The environment ministers from all 16 German regional states unanimously called on Friday for a temporary order to close seven nuclear power plants to be made permanent.

The federal government, which ordered a three-month shutdown of the seven oldest nuclear reactors in mid-March pending a safety probe after the Japanese atomic emergency at Fukushima, is to decide on their fate in June.

"The regions call on the federal government, in light of the reports from the reactor safety and ethic commissions, to enact legislation so that those nuclear reactors affected by the temporary moratorium can be permanently and legally removed from the grid," Sachsen-Anhalt environment minister Onko Aeikens said.

Germans have long been uneasy about nuclear safety and Chancellor Angela Merkel called for a rethink of her government's energy policy after the Japanese earthquake, vowing to close all nuclear plants as soon as possible.

She wants to build new conventional power plants and speed up development of renewable energy sources, such as wind power, instead.

The federal government will make its plans known by mid-June after reviewing reports it commissioned from the reactor safety agency and from a commission on ethics, specially set up for the purpose.

Germany has a total of 17 nuclear reactors but eight are off the grid.

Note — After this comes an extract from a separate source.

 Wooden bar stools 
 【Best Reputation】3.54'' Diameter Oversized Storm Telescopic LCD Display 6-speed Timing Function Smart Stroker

In addition to the seven oldest closed by the government, the Kruemmel plant, in northern Germany, has been mothballed for years because of technical problems.

The state ministers, including both Merkel loyalists and opposition supporters, also urged Berlin to propose "an ambitious and realistic plan" for renouncing nuclear power altogether but they did not suggest a date.

Merkel recently suggested that 2022 was "a good time" for Germany to end nuclear power, backing a proposal by the Bavarian wing of her party.